Hauptvorteile der automatischen Skalierung
- 40-60% Budgeteinsparung — Sie zahlen nur für aktiv genutzte IPs und nicht für einen statischen Pool "auf Maximum"
- Schutz vor Sperren — das System reagiert sofort auf den Anstieg von Fehlern und fügt Proxys hinzu, bevor es zu massiven Sperren kommt
- Stabile Arbeitsgeschwindigkeit — die Last wird gleichmäßig verteilt, es gibt keine Einbrüche in Spitzenzeiten
- Flexibilität für Aufgaben — verschiedene Skalierungsregeln können für Scraping, Account-Farming, Werbung eingerichtet werden
Wann ist automatische Skalierung erforderlich: 5 Szenarien
Die Skalierung des Proxy-Pools ist nicht immer notwendig. Wenn Sie 5 Instagram-Konten führen oder 100 Produkte pro Tag scrapen — reicht ein statischer Pool von 10-20 Proxys aus. Aber es gibt Aufgaben, bei denen man ohne automatische Verwaltung des Pools nicht auskommt.
1. Scraping von Marktplätzen mit variabler Last
Typische Situation für die Preisüberwachung auf Wildberries, Ozon, Yandex.Market. Zu normalen Zeiten (von 3:00 bis 10:00 Uhr) geben die Marktplätze die Daten problemlos weiter, die Limits sind weich. In Spitzenzeiten (von 18:00 bis 23:00 Uhr) beginnen strenge Einschränkungen: Captchas nach 3-5 Anfragen von einer IP, Blockierungen von Subnetzen, Verzögerungen bei den Antworten.
Beispiel: Sie scrapen 50.000 Produkte pro Tag. Nachts reichen 30 IPs für 2000 Anfragen pro Stunde von jedem.

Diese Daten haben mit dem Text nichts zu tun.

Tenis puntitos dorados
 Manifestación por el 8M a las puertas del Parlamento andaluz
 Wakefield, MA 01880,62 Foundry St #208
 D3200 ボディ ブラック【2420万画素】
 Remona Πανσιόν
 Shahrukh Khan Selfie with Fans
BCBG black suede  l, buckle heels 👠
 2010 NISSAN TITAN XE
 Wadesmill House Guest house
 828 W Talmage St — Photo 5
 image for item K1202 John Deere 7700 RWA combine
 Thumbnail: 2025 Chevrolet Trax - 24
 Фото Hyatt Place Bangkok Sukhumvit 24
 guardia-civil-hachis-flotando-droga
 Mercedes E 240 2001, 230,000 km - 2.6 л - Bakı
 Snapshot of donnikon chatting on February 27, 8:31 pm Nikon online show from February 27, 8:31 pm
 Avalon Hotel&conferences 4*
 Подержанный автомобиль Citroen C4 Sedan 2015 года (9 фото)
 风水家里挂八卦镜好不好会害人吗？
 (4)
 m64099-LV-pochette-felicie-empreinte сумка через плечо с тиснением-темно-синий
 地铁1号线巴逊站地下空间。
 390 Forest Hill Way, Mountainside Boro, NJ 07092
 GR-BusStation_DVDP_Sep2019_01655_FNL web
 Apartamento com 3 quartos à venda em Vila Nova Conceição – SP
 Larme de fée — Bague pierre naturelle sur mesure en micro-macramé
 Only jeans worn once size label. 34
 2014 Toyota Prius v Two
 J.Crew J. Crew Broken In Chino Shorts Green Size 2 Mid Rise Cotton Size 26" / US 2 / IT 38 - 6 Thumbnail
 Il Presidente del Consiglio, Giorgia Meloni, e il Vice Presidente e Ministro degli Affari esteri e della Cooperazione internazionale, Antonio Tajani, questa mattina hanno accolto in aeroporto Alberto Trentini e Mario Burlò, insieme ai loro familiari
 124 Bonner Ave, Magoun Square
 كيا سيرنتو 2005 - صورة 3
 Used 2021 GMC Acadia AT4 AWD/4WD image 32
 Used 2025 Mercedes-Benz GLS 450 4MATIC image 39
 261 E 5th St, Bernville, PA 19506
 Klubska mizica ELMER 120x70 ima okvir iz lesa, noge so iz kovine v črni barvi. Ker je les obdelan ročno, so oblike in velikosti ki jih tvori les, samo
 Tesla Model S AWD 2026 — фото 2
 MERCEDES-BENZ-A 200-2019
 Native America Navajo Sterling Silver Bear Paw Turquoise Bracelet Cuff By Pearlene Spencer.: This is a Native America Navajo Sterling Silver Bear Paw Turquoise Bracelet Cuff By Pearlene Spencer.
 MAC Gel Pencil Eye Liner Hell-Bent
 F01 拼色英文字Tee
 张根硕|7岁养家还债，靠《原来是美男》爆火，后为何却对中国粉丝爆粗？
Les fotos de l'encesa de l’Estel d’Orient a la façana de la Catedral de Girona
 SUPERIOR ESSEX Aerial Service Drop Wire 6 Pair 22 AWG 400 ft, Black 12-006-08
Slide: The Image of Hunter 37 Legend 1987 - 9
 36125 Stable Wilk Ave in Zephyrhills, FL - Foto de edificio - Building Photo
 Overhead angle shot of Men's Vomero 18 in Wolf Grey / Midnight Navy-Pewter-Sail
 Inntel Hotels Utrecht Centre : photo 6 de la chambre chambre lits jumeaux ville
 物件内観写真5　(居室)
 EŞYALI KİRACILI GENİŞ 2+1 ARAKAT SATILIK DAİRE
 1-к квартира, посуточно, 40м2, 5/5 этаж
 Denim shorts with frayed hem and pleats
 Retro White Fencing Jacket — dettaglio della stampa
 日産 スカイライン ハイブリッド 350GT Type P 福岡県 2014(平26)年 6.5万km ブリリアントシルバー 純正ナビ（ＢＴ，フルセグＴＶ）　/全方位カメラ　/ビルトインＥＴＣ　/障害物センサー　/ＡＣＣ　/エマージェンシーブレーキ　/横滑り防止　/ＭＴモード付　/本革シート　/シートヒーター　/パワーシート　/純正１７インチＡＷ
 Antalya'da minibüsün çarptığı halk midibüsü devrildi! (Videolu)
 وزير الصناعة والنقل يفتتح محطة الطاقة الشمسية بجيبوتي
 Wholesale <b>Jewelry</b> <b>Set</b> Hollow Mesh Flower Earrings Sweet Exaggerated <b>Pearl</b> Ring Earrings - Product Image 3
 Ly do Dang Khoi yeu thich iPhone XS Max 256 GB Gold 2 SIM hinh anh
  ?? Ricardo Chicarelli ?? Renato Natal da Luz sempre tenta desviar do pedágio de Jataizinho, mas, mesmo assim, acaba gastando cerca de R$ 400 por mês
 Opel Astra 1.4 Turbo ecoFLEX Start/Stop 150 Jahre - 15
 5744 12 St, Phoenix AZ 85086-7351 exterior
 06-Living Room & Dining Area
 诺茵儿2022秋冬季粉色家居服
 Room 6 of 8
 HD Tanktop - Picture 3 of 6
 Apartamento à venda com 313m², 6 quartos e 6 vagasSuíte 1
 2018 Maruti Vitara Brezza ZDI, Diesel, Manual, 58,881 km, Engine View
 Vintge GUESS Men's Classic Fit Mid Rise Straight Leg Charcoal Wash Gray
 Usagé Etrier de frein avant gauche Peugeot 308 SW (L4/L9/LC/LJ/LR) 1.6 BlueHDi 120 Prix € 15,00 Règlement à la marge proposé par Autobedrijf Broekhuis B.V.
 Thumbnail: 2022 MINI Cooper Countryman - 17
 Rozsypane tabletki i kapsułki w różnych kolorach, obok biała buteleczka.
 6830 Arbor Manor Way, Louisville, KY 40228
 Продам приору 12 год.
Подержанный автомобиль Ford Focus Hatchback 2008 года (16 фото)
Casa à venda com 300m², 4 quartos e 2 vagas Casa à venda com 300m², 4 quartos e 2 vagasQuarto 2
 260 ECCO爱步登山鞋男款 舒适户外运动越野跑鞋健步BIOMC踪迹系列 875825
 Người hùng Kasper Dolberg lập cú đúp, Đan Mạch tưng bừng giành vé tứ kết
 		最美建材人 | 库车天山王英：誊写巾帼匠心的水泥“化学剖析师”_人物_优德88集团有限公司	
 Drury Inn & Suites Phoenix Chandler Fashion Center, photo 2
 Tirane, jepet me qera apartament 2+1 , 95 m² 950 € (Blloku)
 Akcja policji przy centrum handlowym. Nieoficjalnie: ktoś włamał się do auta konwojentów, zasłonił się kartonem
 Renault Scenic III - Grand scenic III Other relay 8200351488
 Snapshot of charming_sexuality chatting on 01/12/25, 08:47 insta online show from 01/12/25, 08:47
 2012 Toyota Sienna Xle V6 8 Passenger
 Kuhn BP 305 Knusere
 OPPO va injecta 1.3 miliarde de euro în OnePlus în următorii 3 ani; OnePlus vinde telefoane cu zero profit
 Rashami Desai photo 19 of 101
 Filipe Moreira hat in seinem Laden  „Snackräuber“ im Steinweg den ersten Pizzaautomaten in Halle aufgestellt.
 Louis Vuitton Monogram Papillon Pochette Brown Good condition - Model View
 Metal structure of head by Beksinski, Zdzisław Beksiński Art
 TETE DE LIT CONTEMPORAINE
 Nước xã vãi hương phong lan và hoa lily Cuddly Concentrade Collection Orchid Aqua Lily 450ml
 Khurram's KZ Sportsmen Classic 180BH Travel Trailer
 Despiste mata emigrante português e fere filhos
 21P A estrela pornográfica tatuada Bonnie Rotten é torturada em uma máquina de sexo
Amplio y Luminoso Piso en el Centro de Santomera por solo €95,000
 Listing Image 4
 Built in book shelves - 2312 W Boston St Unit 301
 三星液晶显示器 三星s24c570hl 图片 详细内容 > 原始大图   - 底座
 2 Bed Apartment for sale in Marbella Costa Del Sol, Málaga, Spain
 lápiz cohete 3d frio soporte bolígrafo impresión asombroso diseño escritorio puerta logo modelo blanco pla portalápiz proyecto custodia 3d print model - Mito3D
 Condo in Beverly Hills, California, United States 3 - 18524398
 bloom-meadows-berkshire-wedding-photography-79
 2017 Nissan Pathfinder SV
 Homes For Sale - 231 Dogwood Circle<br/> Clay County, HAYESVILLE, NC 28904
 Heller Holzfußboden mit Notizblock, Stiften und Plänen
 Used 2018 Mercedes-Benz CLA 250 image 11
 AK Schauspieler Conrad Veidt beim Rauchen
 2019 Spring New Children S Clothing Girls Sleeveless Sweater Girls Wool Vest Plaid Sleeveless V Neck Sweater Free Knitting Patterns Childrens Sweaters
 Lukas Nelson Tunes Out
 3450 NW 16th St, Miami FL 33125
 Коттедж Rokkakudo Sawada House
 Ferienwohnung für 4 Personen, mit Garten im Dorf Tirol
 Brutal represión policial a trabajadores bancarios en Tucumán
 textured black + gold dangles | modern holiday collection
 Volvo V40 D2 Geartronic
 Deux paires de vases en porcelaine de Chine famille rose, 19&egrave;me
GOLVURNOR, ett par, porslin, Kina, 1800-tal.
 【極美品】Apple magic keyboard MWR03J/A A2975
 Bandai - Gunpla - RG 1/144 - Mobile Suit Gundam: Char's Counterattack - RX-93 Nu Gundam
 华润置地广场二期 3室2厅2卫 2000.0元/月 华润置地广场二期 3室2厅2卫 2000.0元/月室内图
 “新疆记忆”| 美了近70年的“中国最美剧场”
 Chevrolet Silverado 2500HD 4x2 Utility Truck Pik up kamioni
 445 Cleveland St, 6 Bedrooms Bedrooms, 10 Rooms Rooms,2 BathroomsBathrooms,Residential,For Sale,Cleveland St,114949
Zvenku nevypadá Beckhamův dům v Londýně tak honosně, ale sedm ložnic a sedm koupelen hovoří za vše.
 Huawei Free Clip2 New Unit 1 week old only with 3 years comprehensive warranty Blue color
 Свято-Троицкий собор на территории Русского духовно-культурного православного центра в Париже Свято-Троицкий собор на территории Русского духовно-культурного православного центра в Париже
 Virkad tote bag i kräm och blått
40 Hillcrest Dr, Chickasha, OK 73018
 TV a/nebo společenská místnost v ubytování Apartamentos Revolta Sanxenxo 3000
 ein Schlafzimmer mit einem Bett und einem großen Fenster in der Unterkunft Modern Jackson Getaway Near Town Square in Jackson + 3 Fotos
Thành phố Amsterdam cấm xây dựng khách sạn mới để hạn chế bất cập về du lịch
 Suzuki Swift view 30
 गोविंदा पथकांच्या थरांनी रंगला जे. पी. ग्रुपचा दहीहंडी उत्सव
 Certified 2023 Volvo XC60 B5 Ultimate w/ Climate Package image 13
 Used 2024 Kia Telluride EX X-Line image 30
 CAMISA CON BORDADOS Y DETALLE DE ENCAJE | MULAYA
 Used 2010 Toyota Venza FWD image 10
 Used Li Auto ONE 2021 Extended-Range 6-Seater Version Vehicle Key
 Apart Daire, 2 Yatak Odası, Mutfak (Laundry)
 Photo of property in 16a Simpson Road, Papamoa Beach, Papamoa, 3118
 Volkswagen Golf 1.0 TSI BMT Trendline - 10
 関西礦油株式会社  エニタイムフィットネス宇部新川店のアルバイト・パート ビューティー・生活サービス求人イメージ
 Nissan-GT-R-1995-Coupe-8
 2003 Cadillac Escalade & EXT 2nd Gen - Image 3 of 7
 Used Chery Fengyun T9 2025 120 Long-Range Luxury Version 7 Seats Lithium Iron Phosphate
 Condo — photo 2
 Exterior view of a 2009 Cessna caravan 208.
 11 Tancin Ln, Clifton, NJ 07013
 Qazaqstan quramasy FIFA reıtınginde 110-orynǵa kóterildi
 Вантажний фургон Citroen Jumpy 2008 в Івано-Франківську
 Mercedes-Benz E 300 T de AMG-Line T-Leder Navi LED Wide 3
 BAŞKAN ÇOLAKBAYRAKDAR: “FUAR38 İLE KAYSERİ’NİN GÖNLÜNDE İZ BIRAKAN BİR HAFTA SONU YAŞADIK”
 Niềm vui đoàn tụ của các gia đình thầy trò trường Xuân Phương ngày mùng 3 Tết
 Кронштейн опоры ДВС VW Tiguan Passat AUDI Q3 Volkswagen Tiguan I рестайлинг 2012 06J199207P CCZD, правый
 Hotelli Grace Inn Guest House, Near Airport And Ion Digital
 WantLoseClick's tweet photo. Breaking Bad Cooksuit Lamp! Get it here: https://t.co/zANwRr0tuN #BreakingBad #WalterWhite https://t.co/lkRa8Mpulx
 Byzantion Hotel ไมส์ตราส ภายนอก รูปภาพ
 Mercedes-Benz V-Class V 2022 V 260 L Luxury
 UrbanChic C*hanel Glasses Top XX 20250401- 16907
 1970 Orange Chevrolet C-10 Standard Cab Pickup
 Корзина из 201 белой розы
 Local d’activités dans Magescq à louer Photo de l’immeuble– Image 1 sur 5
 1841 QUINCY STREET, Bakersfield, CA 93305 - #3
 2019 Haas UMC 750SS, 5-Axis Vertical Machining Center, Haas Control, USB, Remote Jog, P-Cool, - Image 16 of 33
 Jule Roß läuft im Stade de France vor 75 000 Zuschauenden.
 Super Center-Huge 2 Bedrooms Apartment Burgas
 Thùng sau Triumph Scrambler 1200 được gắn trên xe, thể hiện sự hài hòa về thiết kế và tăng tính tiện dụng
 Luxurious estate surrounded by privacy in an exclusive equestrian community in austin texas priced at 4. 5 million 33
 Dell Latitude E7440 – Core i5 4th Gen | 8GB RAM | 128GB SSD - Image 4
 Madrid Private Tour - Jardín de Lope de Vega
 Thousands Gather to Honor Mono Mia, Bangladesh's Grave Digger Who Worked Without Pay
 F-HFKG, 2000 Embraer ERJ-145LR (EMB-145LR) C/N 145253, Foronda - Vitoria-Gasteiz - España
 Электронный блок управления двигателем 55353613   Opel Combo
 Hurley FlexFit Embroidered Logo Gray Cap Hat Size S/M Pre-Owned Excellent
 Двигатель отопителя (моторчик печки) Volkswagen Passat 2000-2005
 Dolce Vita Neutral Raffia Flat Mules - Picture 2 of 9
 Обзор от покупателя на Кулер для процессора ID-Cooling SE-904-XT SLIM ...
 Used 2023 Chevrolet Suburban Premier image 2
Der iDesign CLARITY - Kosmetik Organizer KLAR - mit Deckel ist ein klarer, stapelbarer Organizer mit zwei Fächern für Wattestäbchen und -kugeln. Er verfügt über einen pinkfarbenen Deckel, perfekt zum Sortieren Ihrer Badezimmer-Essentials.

Abends erfordert dasselbe Volumen bereits 100-120 IPs, da das Limit auf 500-700 Anfragen pro IP sinkt. Ein statischer Pool von 120 Proxys arbeitet rund um die Uhr — Überzahlung von 75% in den Nachtstunden. Die Skalierung hebt den Pool automatisch auf 120 IPs von 18:00 bis 23:00 Uhr, hält zu anderen Zeiten 30-40.
2. Farming von Werbekonten für Facebook Ads und TikTok Ads
Arbitrageure erstellen und wärmen massenhaft Konten in Werbe-Dashboards. Aufgabe: innerhalb einer Woche 50 Facebook-Konten von Grund auf bis zum Start der ersten Kampagne hochzuziehen. Jedes Konto benötigt eine eigene IP (sonst verbindet der Chain-Ban alle Profile).
Aber die Konten werden ungleichmäßig gefarmt: In den ersten 2 Tagen sind 50 Profile aktiv (benötigen 50 Proxys), am 3.-4. Tag gehen einige Konten in "Ruhe" (20-30 IPs für aktive sind ausreichend), am 5.-7. Tag gibt es wieder einen Aktivitätshöhepunkt vor dem Start der Kampagnen (wieder 50 IPs). Mit der Skalierung verbindet das System Proxys nur für aktive Konten, Einsparungen von bis zu 50% in einer Woche.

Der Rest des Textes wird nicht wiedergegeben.